その十三 【第二幕 終】
呆然とした様子でその場に突っ立っていた少年に、我に返った少女が声を掛ける。
「ありがとうございます。疲れましたよね、わたしなら大丈夫ですので、降ろしてください。重かったでしょう」
「……いや、そこまで重くは……走るのに夢中だったし……」
しかし極度に疲労していることは確かなので、少年は素直に少女の身体を降ろす。
怪我した足に痛みが走ったのか、少女は一瞬眉をひそめるが、すぐに元の表情に戻って、少年に言う。
「本当にありがとうございます。すごかったです」
「いや、うん、自分でもびっくりしてるよ……」
「とはいえあの男が気が付いたら、また襲ってくるでしょう。

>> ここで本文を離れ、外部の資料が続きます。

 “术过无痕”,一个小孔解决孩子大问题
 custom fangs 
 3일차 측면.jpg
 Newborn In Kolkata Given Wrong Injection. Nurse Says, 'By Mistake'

とにかく早くここから離れましょう。そしてあなたの傷の手当てもしなければ」
「あ……そういえば、背中ナイフ刺さってたままだった……つッ!」
危機が去り安堵したからか、それまであまり気にしていなかった肩と背中の傷が、ここにきてジクジクと痛み出した。いや、痛いどころではない。視界が急にグラグラと揺れて、暗くなり、少年はその場にうつ伏せに倒れてしまった。
「! ケイさん……⁉ ケイさん‼」
ぼやける視界の中、かがみこみ、悲痛な表情で身体を揺する少女が映った。